A U-tube differential manometer connects two pressure pipes A and B. Pipe A contains carbon tetrachloride having a specific gravity 1.594 under a pressure of 11.772 N/cm². Pipe B contains oil of sp. gr. 0.8 under a pressure of 11.772 N/cm². The pipe A lies 2.5 m above pipe B. Find the difference of pressure measured by mercury as fluid filling U-tube.

U-Tube Manometer with Two Fluids

Problem Statement

Given Data & Constants

Pressure in Pipe A, $P_A = 11.772 \, \text{N/cm}^2$
Pressure in Pipe B, $P_B = 11.772 \, \text{N/cm}^2$
Specific gravity of CCl₄ (Pipe A), $S_A = 1.594$
Specific gravity of Oil (Pipe B), $S_B = 0.8$
Elevation difference, $z_A - z_B = 2.5 \, \text{m}$
Specific gravity of mercury, $S_m = 13.6$
Density of water, $\rho_w = 1000 \, \text{kg/m}^3$
Acceleration due to gravity, $g = 9.81 \, \text{m/s}^2$

Solution

1. Convert Units and Calculate Densities

First, we convert the pressure to standard units (N/m²) and calculate the densities of the fluids.

$$ P_A = P_B = 11.772 \, \frac{\text{N}}{\text{cm}^2} \times \frac{10000 \, \text{cm}^2}{1 \, \text{m}^2} = 117720 \, \text{N/m}^2 $$ $$ \rho_A (\text{CCl}_4) = S_A \times \rho_w = 1.594 \times 1000 = 1594 \, \text{kg/m}^3 $$ $$ \rho_B (\text{Oil}) = S_B \times \rho_w = 0.8 \times 1000 = 800 \, \text{kg/m}^3 $$ $$ \rho_m (\text{Mercury}) = S_m \times \rho_w = 13.6 \times 1000 = 13600 \, \text{kg/m}^3 $$

2. Set up the Manometer Pressure Balance Equation

To solve this, we balance the piezometric pressure between the two pipes with the pressure exerted by the manometer fluid. The difference in piezometric pressure between A and B must be balanced by the head of the manometric fluid. Let $h$ be the difference in mercury levels.

Difference in Piezometric Pressure = Manometer Head

$$ (P_A + \rho_A g z_A) - (P_B + \rho_B g z_B) = h g (\rho_m - \rho_B) $$

Here, the term $(\rho_m - \rho_B)$ is used because the oil from pipe B is the fluid being displaced by the mercury column in the right limb of the manometer.

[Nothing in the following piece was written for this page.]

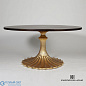 Flute Table Base-Gold Leaf-34 Global Views стол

3. Solve for the Mercury Level Difference (h)

Let's set the elevation of pipe B as the datum, so $z_B = 0$ and $z_A = 2.5 \, \text{m}$. Since $P_A = P_B$, the pressure terms cancel out.

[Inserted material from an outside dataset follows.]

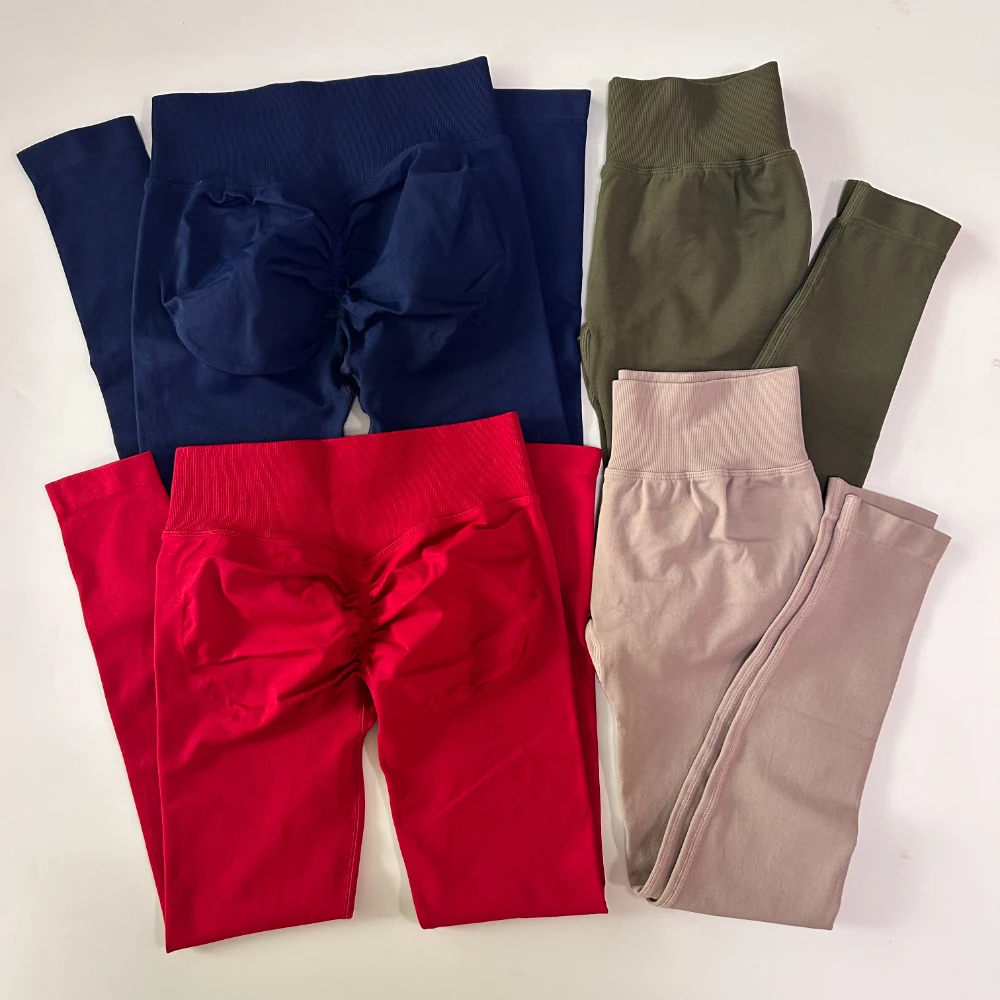 dfyne бесшовные динамические леггинсы для йоги из нейлона и спандекса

$$ (\rho_A g z_A) - (\rho_B g z_B) = h g (\rho_m - \rho_B) $$ $$ \text{Dividing by g gives:} $$ $$ \rho_A z_A - \rho_B z_B = h (\rho_m - \rho_B) $$ $$ (1594)(2.5) - (800)(0) = h (13600 - 800) $$ $$ 3985 = h (12800) $$ $$ h = \frac{3985}{12800} $$ $$ h \approx 0.3113 \, \text{m} $$

Final Result:

The difference in the mercury level is $ h \approx 31.13 \, \text{cm} $.

Explanation of the Pressure Balance

Even though the gauge pressures in Pipe A and Pipe B are identical, they are at different elevations. The total energy at each point, represented by the piezometric head ($P + \rho g z$), is different.

Pipe A is 2.5 meters higher and contains a much denser fluid (CCl₄). This gives it a significantly higher piezometric pressure than Pipe B. This difference in total pressure must be balanced by the heavy column of mercury in the U-tube. The resulting 31.13 cm difference in mercury level is what's required to hold back the higher energy from the A-side.